Она живет и "там", и "здесь", но чем дальше, тем прочнее переселяется "туда", в тетрадь…

Двенадцатого декабря там появилась запись о… расставании. О разрыве.

И тем же 12 декабря Цветаева датировала восьмистишие (а до этого чуть ли не полтора месяца не писала стихов!):

Ты, меня любивший фальшью
Истины — и правдой лжи,
Ты, меня любивший — дальше
Некуда! — За рубежи!
Ты, меня любивший дольше
Времени. — Десницы взмах! —
Ты меня не любишь больше:
Истина в пяти словах.

Стихотворение, с одной стороны, слишком частное; оно, пожалуй, не подымается до вершинных цветаевских вещей. Но, с другой стороны, в какой-то своей обнаженной мудрости оно дает недвусмысленное представление о его вдохновителе. Условно мы обозначили бы его "любовником Психеи". Это не Амур — возлюбленный ("Возлюбленный! Ужель не узнаешь? Я — ласточка твоя, Психея"), а именно любовник, плотский партнер небесной души, — сочетание абсурдное, невозможное. Его истина — для нее — фальшь; его правда для нее — ложь. Его любовь ("дальше некуда", "дольше времени") для нее — нелюбовь (пишется в одно слово), сколько бы ни декларировал он обратное. Это стихотворение, поспешное, недосказанное — на самом деле очень глубокое; из него прорастут — уже начали прорастать — будущие поэмы о любви и расставании.
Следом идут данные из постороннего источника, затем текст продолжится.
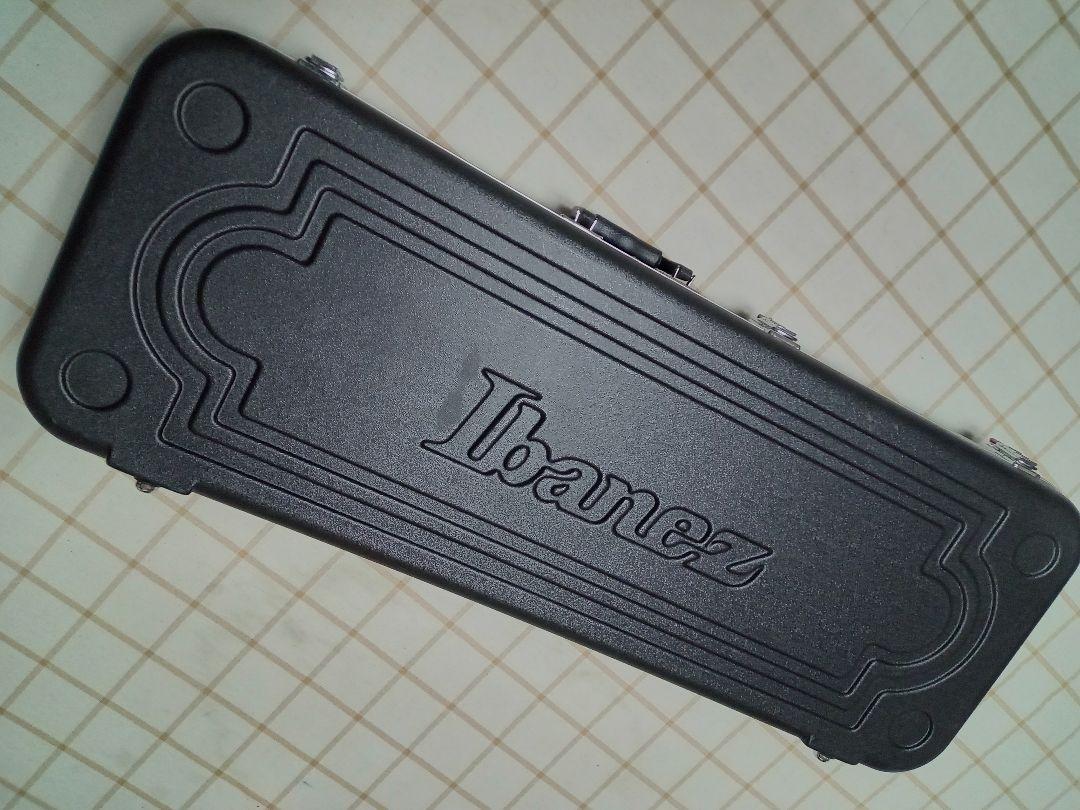 最終値下げ　Ibanez 純正ハードケース　美品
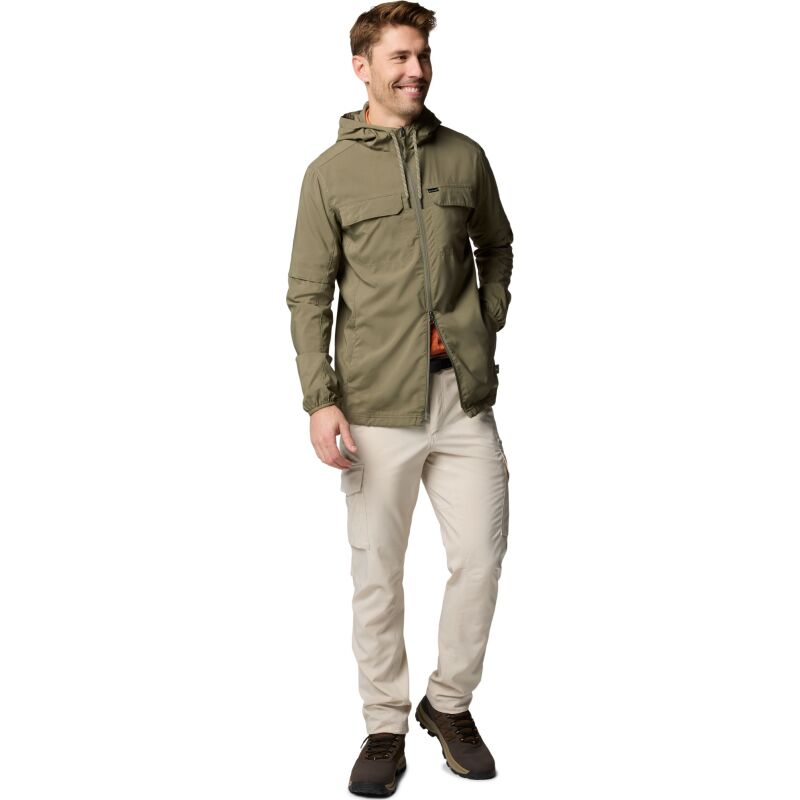 Columbia Skien Valley Cargo Pant Men's Dark Stone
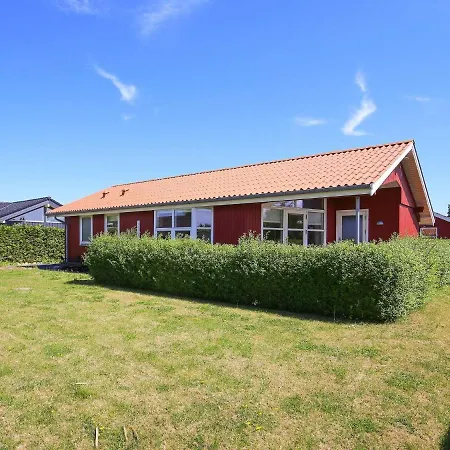 Holiday Home Slagelse Xl *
Чувство не прошло, но творчество его "выталкивало". "Не мешай мне писать о тебе стихи!" (шутливая запись 1919 года)…

"У меня… эту зиму было много слез, а стихов — мало (относительно), — вспоминала Цветаева в письме к Р. Гулю весною следующего года. — Несколько раз совсем отчаивалась, стояла на мосту и заклинала реку, чтобы поднялась и взяла. Это было осенью, в туманные ноябрьские дни. Потом река замерзла, а я отошла… понемногу".